Instructions to follow
From the line containing "Jarosław Kaczyński, Szymon" to the end of the listing, write out every line exactly; leave out everything else.

START Given information

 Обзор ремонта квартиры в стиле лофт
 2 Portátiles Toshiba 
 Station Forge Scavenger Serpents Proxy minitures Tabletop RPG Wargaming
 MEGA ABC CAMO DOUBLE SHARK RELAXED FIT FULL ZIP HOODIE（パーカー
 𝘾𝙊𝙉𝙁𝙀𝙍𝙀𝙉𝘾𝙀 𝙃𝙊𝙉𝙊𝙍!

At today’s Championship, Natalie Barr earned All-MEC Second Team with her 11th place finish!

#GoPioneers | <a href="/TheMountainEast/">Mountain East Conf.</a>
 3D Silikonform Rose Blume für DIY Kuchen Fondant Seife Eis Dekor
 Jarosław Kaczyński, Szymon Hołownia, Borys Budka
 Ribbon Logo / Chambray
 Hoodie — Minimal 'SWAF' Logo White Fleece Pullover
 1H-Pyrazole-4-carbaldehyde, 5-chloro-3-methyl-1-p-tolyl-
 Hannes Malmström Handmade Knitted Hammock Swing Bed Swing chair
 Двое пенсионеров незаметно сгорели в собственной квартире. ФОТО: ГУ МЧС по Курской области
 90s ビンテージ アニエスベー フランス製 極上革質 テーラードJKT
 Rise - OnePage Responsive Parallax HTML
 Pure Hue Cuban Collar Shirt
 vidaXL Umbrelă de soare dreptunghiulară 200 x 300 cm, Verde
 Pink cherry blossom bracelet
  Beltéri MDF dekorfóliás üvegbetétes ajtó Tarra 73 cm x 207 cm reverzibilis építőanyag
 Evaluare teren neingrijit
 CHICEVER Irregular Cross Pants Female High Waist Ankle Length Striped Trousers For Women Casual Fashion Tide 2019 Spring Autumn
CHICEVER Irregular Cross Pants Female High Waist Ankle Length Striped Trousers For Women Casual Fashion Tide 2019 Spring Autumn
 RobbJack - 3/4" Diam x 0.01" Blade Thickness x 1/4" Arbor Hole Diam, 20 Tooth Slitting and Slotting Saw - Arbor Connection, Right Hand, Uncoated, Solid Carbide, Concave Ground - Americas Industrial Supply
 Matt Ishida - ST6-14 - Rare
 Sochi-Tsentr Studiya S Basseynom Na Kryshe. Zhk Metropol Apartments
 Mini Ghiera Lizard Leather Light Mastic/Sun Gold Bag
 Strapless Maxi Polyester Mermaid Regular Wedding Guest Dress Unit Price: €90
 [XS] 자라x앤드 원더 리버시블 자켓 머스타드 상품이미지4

END Given information

Your response
 Jarosław Kaczyński, Szymon Hołownia, Borys Budka
 Ribbon Logo / Chambray
 Hoodie — Minimal 'SWAF' Logo White Fleece Pullover
 1H-Pyrazole-4-carbaldehyde, 5-chloro-3-methyl-1-p-tolyl-
 Hannes Malmström Handmade Knitted Hammock Swing Bed Swing chair
 Двое пенсионеров незаметно сгорели в собственной квартире. ФОТО: ГУ МЧС по Курской области
 90s ビンテージ アニエスベー フランス製 極上革質 テーラードJKT
 Rise - OnePage Responsive Parallax HTML
 Pure Hue Cuban Collar Shirt
 vidaXL Umbrelă de soare dreptunghiulară 200 x 300 cm, Verde
 Pink cherry blossom bracelet
  Beltéri MDF dekorfóliás üvegbetétes ajtó Tarra 73 cm x 207 cm reverzibilis építőanyag
 Evaluare teren neingrijit
 CHICEVER Irregular Cross Pants Female High Waist Ankle Length Striped Trousers For Women Casual Fashion Tide 2019 Spring Autumn
CHICEVER Irregular Cross Pants Female High Waist Ankle Length Striped Trousers For Women Casual Fashion Tide 2019 Spring Autumn
 RobbJack - 3/4" Diam x 0.01" Blade Thickness x 1/4" Arbor Hole Diam, 20 Tooth Slitting and Slotting Saw - Arbor Connection, Right Hand, Uncoated, Solid Carbide, Concave Ground - Americas Industrial Supply
 Matt Ishida - ST6-14 - Rare
 Sochi-Tsentr Studiya S Basseynom Na Kryshe. Zhk Metropol Apartments
 Mini Ghiera Lizard Leather Light Mastic/Sun Gold Bag
 Strapless Maxi Polyester Mermaid Regular Wedding Guest Dress Unit Price: €90
 [XS] 자라x앤드 원더 리버시블 자켓 머스타드 상품이미지4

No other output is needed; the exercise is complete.